> How to complete this task
Return each record word for word, keeping none of its pictures.

*** Input for this task

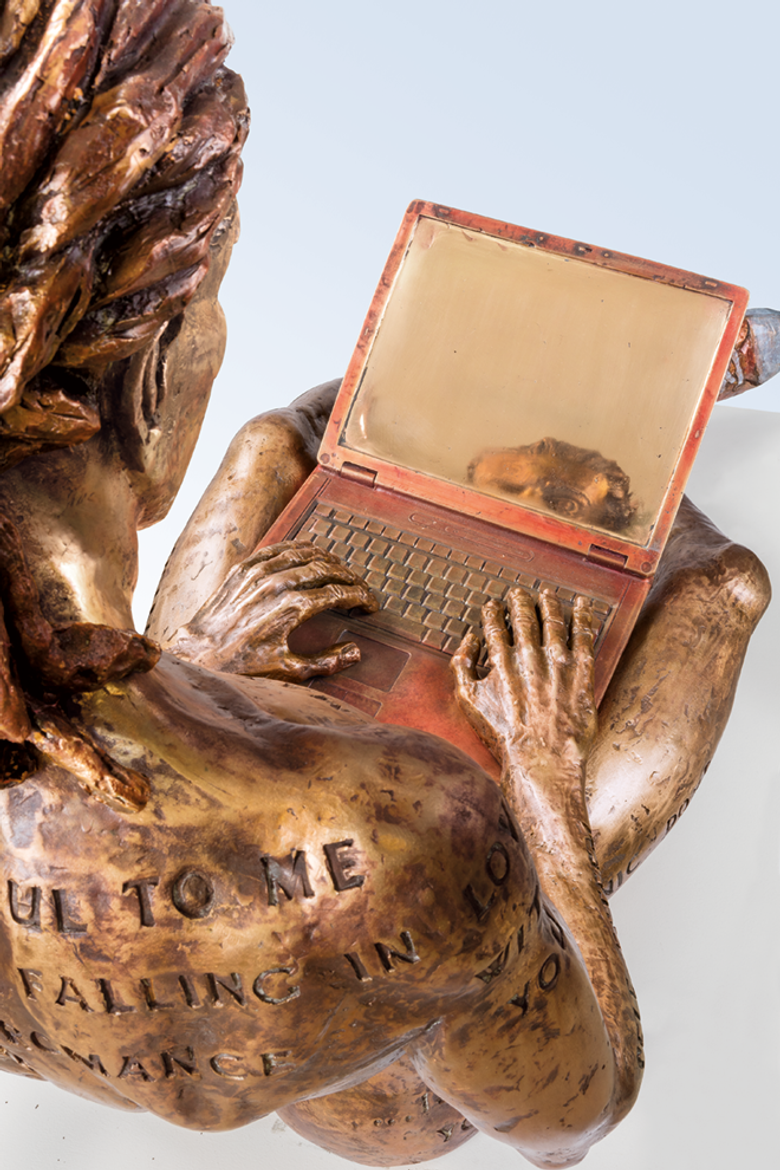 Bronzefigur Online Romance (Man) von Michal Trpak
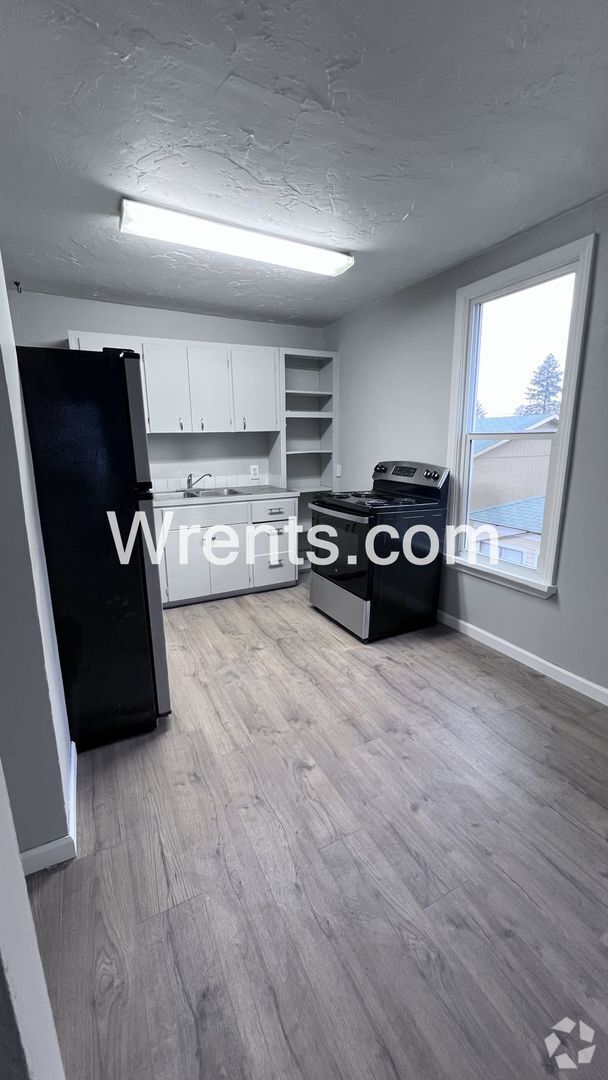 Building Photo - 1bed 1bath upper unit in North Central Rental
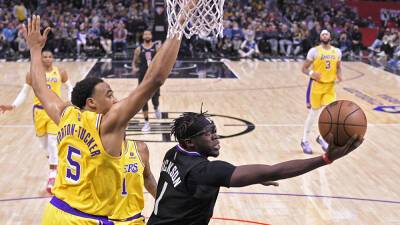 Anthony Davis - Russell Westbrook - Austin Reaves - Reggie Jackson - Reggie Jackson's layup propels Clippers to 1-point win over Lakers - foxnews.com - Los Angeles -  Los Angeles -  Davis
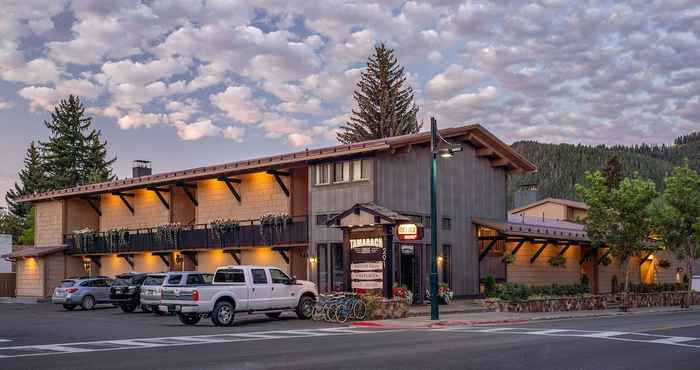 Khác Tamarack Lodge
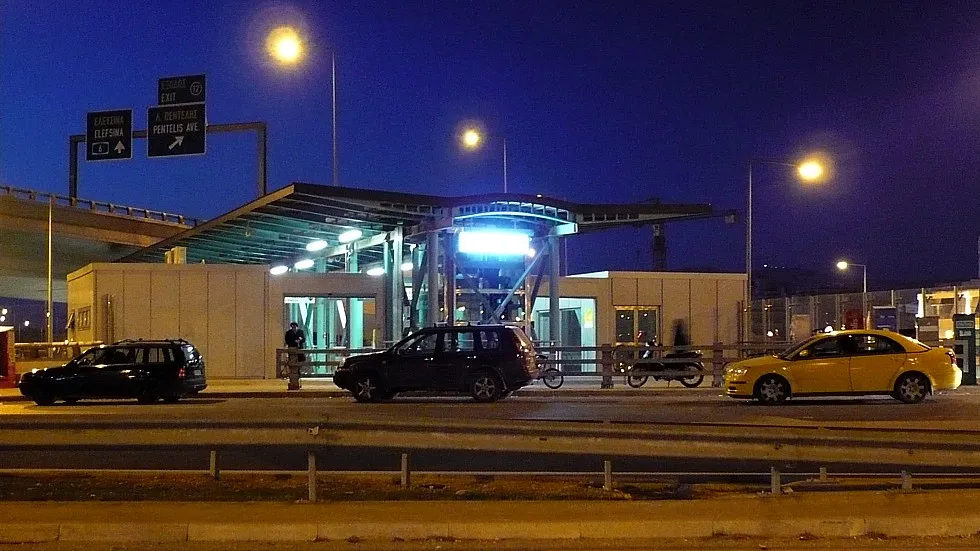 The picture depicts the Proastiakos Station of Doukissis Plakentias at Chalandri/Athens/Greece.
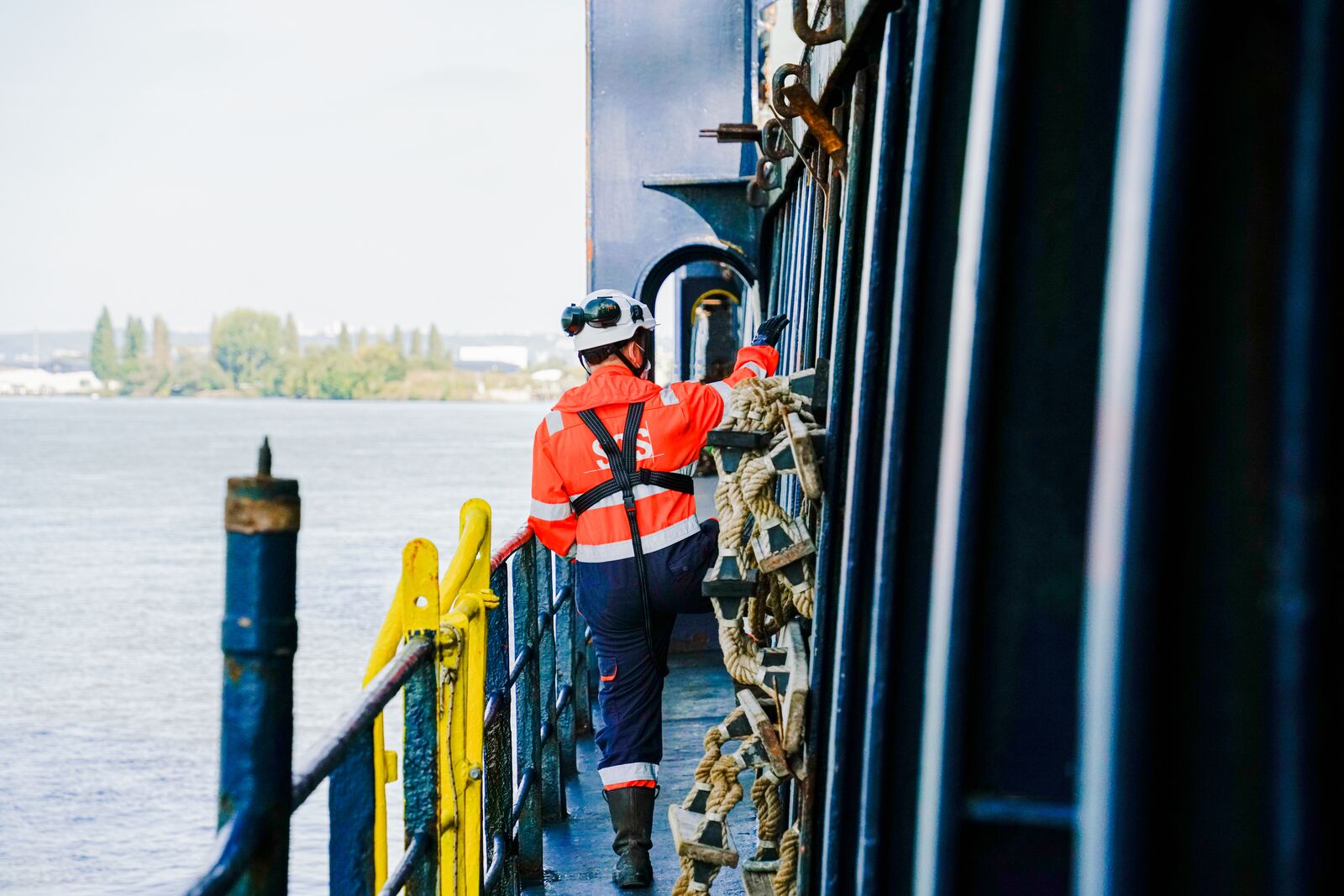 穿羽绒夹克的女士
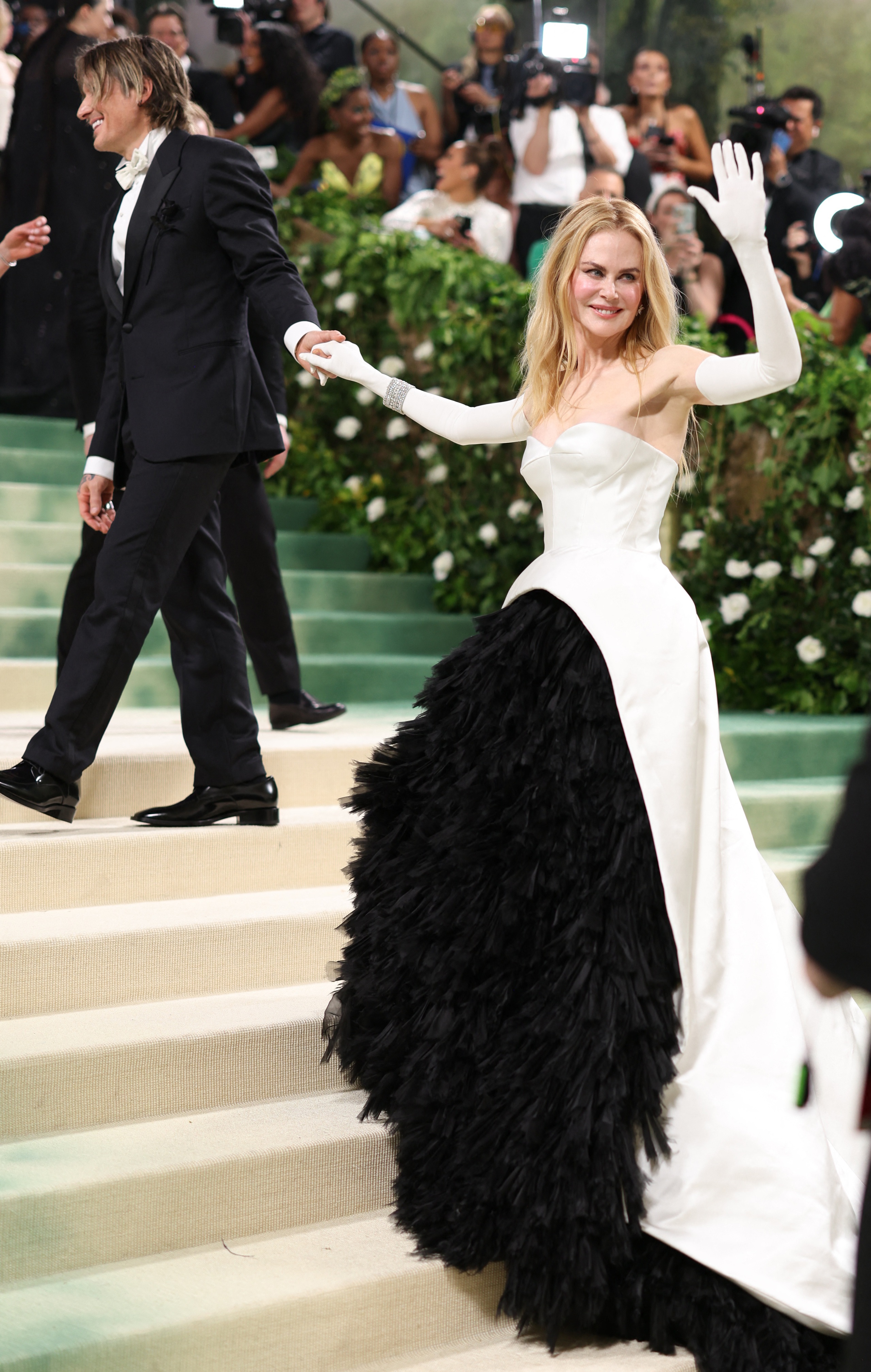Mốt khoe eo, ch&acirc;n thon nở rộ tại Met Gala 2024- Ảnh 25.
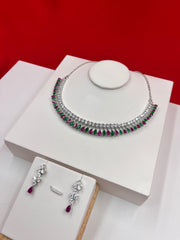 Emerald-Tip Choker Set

******

> Answer to the problem
 Bronzefigur Online Romance (Man) von Michal Trpak
 Building Photo - 1bed 1bath upper unit in North Central Rental
 Anthony Davis - Russell Westbrook - Austin Reaves - Reggie Jackson - Reggie Jackson's layup propels Clippers to 1-point win over Lakers - foxnews.com - Los Angeles -  Los Angeles -  Davis
 Khác Tamarack Lodge
 The picture depicts the Proastiakos Station of Doukissis Plakentias at Chalandri/Athens/Greece.
 穿羽绒夹克的女士
Mốt khoe eo, ch&acirc;n thon nở rộ tại Met Gala 2024- Ảnh 25.
 Emerald-Tip Choker Set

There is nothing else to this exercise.